[Records excerpted from a collection]
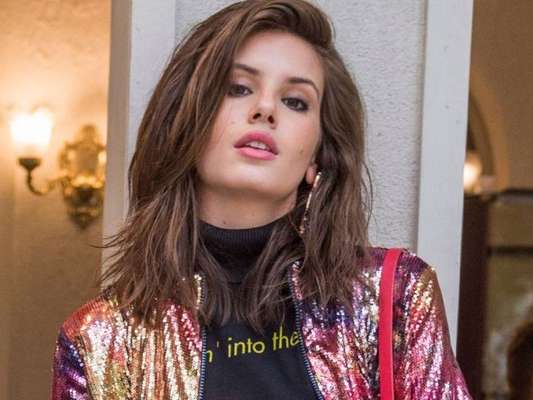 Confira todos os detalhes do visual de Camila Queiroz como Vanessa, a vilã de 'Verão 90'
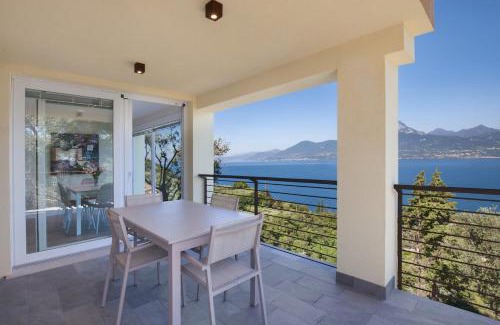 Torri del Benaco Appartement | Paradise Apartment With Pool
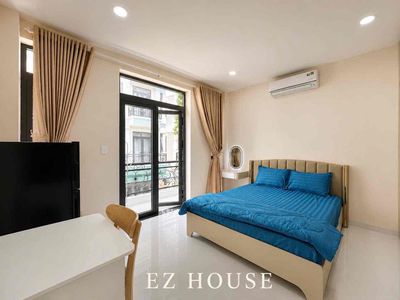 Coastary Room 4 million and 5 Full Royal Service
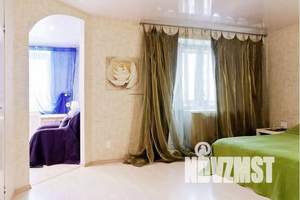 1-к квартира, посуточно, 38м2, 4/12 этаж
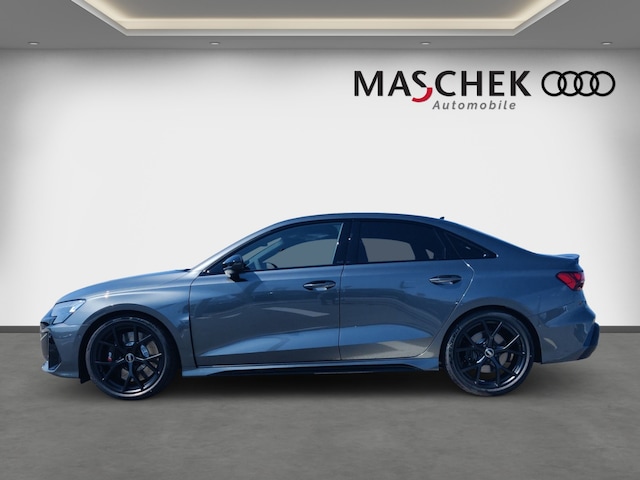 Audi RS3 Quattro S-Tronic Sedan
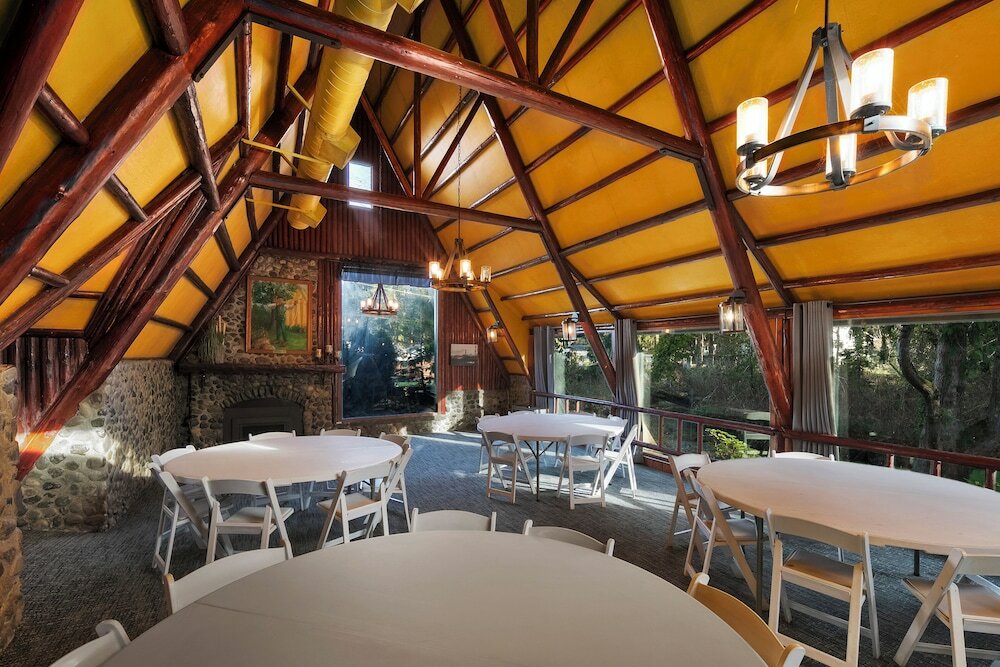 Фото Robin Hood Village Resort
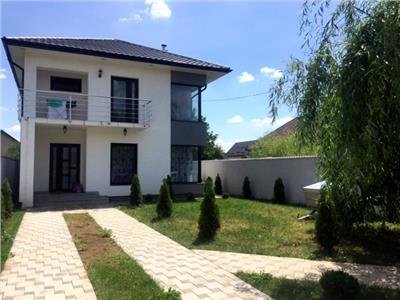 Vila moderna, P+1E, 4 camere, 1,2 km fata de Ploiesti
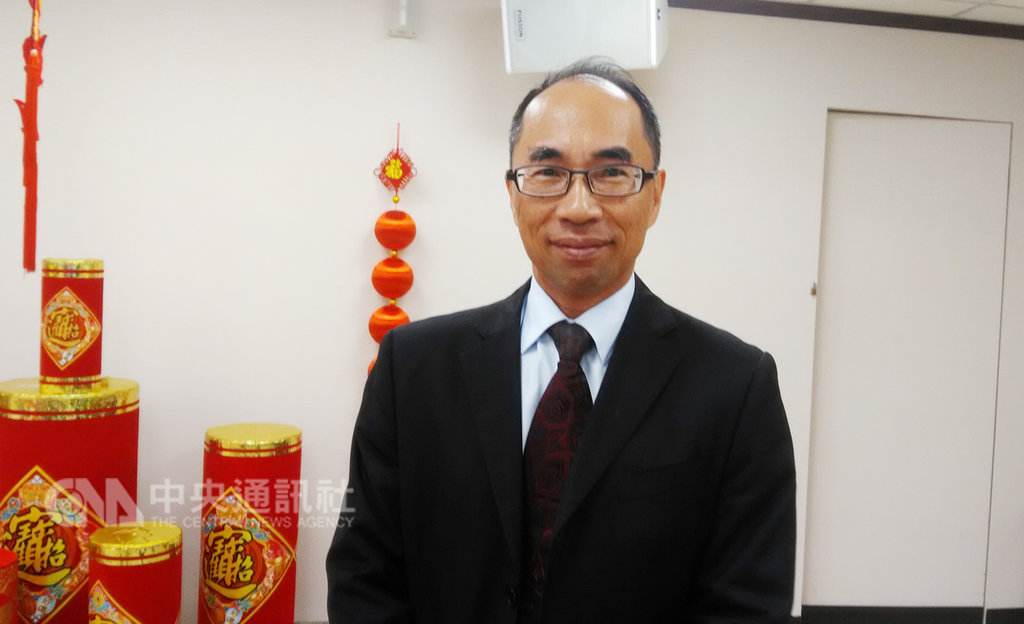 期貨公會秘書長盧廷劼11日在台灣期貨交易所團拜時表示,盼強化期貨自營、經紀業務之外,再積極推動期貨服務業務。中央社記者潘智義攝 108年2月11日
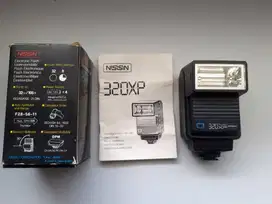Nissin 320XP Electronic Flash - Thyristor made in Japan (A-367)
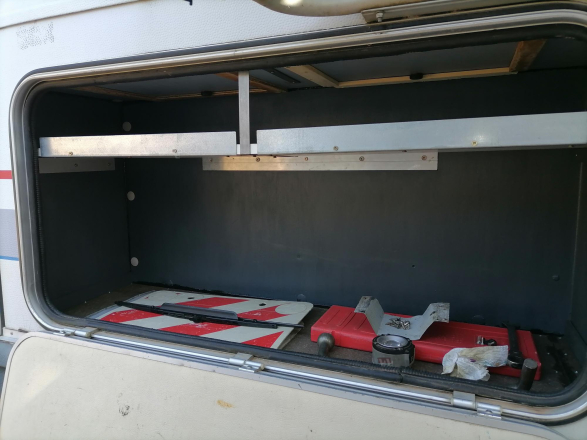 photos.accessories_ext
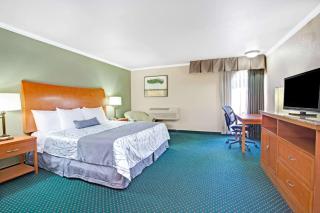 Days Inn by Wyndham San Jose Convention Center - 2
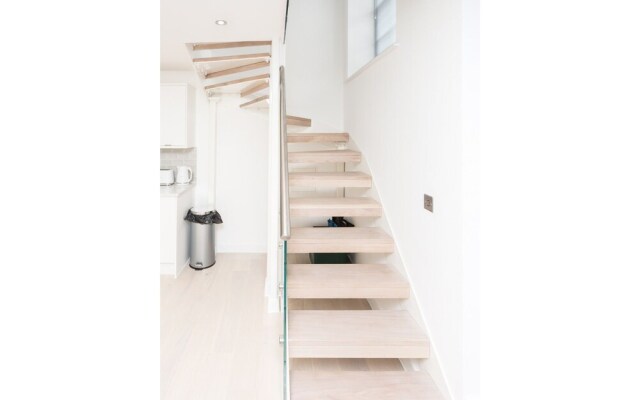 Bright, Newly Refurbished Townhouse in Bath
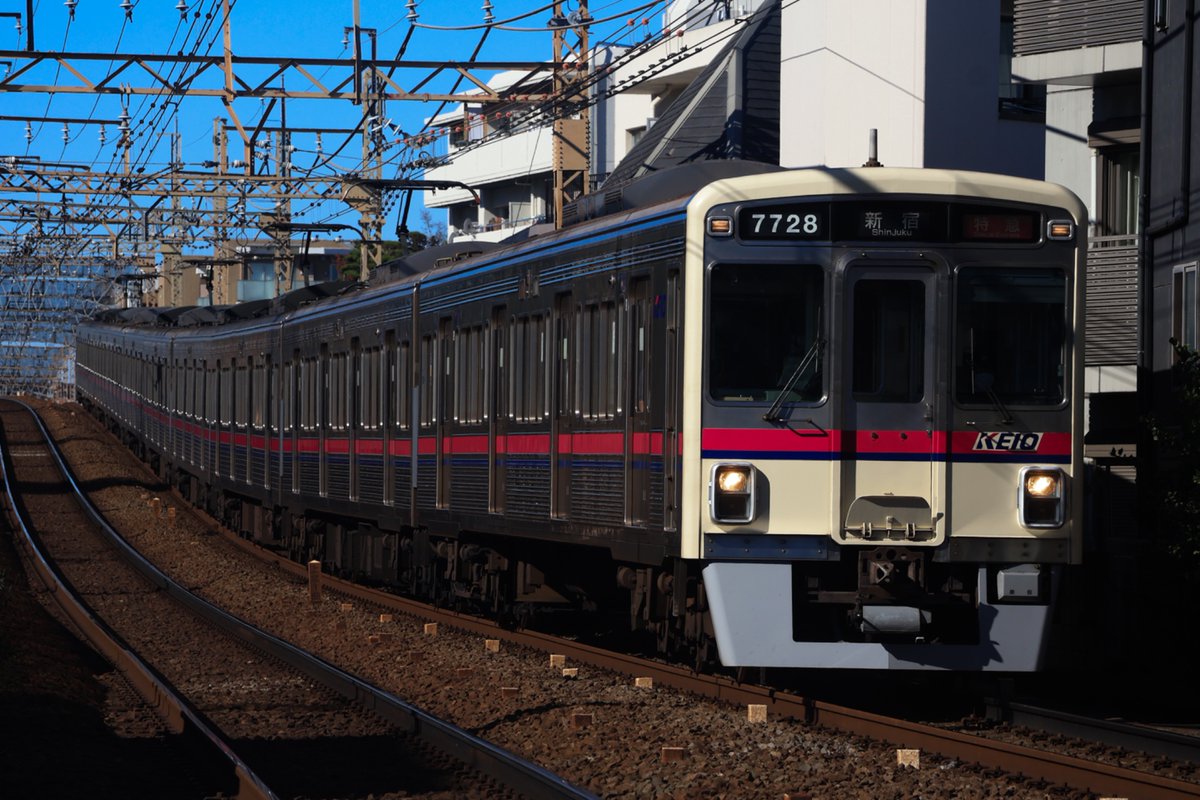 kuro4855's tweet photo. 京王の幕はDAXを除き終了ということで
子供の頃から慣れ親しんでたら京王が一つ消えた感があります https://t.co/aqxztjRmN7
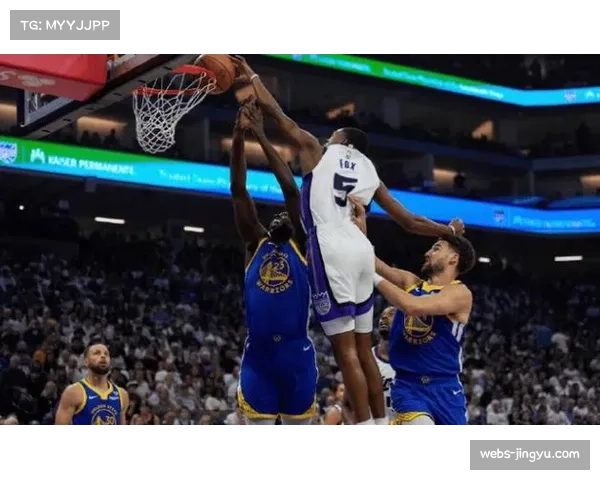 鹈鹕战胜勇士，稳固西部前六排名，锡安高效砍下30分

[YOUR TASK]: The result should be a word-for-word restatement of all the data, without images.

[RESULT OF THE EXERCISE]:
 Confira todos os detalhes do visual de Camila Queiroz como Vanessa, a vilã de 'Verão 90'
 Torri del Benaco Appartement | Paradise Apartment With Pool
 Coastary Room 4 million and 5 Full Royal Service
 1-к квартира, посуточно, 38м2, 4/12 этаж
 Audi RS3 Quattro S-Tronic Sedan
 Фото Robin Hood Village Resort
 Vila moderna, P+1E, 4 camere, 1,2 km fata de Ploiesti
 期貨公會秘書長盧廷劼11日在台灣期貨交易所團拜時表示,盼強化期貨自營、經紀業務之外,再積極推動期貨服務業務。中央社記者潘智義攝 108年2月11日
Nissin 320XP Electronic Flash - Thyristor made in Japan (A-367)
 photos.accessories_ext
 Days Inn by Wyndham San Jose Convention Center - 2
 Bright, Newly Refurbished Townhouse in Bath
 kuro4855's tweet photo. 京王の幕はDAXを除き終了ということで
子供の頃から慣れ親しんでたら京王が一つ消えた感があります https://t.co/aqxztjRmN7
 鹈鹕战胜勇士，稳固西部前六排名，锡安高效砍下30分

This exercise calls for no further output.